J&J Wins Phase III in Major Depressive Disorder

Johnson & Johnson (J&J) recently announced a significant breakthrough with their experimental drug, seltorexant, in treating major depressive disorder (MDD) accompanied by insomnia symptoms. The late-stage Phase III clinical trial demonstrated that seltorexant met all primary and secondary endpoints, showing substantial improvements in both depressive symptoms and sleep disturbances.

Seltorexant functions as a selective antagonist of the orexin-2 receptor. The trial results highlighted a statistically significant and clinically meaningful reduction in depressive symptoms, based on the Montgomery-Asberg Depression Rating Scale (MADRS) total score, by day 43. Additionally, patients who had previously responded inadequately to SSRI/SNRI antidepressants alone showed marked improvements in sleep quality. According to J&J, the drug exhibited a favorable safety profile, with adverse event rates comparable between the treatment and placebo groups.

These findings were showcased at the American Society of Clinical Psychopharmacology (ASCP) annual meeting in Miami. J&J adopted a precision-based approach for this trial, targeting MDD patients who also experience insomnia, rather than employing a broader, all-inclusive method. This strategy addresses a significant issue, as roughly 60% of MDD patients suffer from insomnia despite receiving standard oral antidepressant therapy.
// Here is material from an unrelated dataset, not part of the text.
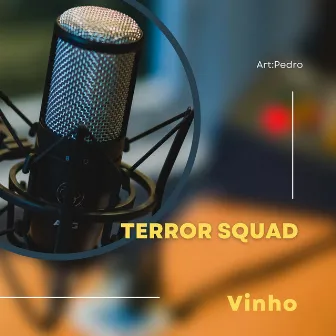 Vinho by Terror Squad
Andrew Krystal, a psychiatry professor at the University of California, San Francisco Weill Institute for Neurosciences, emphasized the potential impact of seltorexant. He noted that the drug could address a major unmet need by enhancing treatment outcomes and quality of life for patients experiencing both depression and insomnia.
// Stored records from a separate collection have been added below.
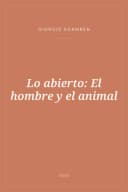 Portada de Lo abierto: El hombre y el animal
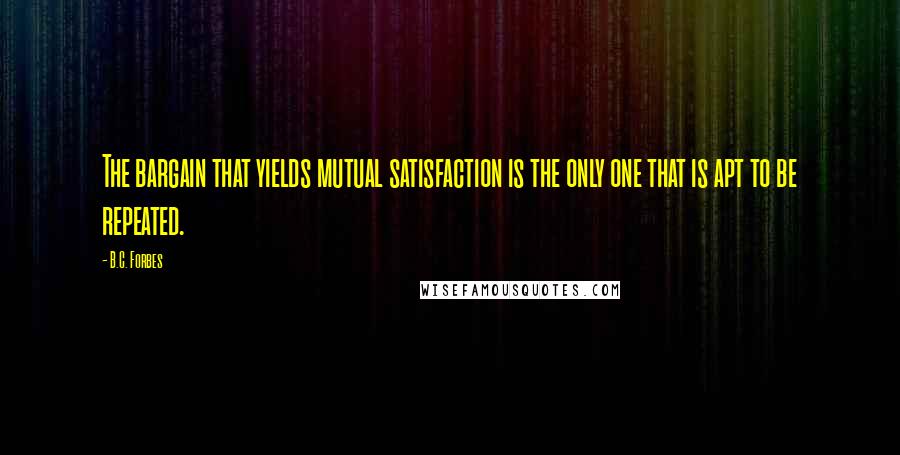 B.C. Forbes Quotes: The bargain that yields mutual satisfaction is the only one that is apt to be repeated.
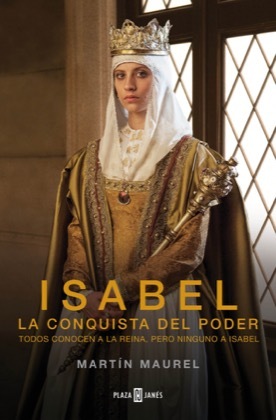 Portada de ISABEL, LA CONQUISTA DEL PODER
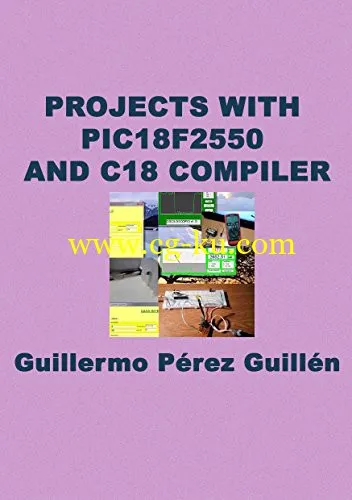 PROJECTS WITH PIC18F2550 AND C18 COMPILER by Guillermo Perez-P2P的图片1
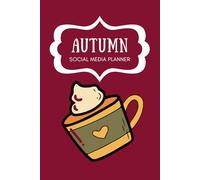 Autumn Social Media Planner: Seasonal Social Media Burgundy Scheduler - Notebook for Autumn Content Strategy Campaign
In addition to seltorexant, J&J is advancing another MDD candidate, a kappa-opioid receptor antagonist, currently in Phase III trials. This drug targets MDD patients suffering from anhedonia, a condition characterized by an inability to experience pleasure or interest in life.

J&J's targeted-patient strategy is gaining momentum as they aim to improve the traditionally low success rates of psychiatric drugs. This precision approach is mirrored by biotech company Alto Neuroscience, which uses biomarkers such as cognitive tests and brain scans to identify suitable patients for their MDD treatments.

At the ASCP meeting, J&J also presented data from a Phase IV study of their nasal spray, Spravato. This ketamine-based drug, already approved for treatment-resistant depression (TRD) and MDD with suicidal thoughts or actions, is being tested as a monotherapy for TRD. The study showed significant improvements in depressive symptoms within 24 hours of the first dose, which were sustained through four weeks of treatment.

However, according to Graig Suvannevejh, a senior biopharma and biotech equity research analyst at Mizuho Americas, the delivery method and required safety monitoring for Spravato pose challenges. Patients must visit a doctor’s office to receive the nasal spray and remain under observation for two hours post-administration. Despite these hurdles, Suvannevejh believes Spravato remains a valuable option for patients with difficult-to-treat depression.

Johnson & Johnson's recent advancements in MDD treatment underscore their commitment to addressing specific patient needs with precision-based therapies. By targeting subsets of MDD patients with tailored approaches, J&J hopes to achieve higher success rates and improve the overall quality of life for those struggling with this complex mental health disorder.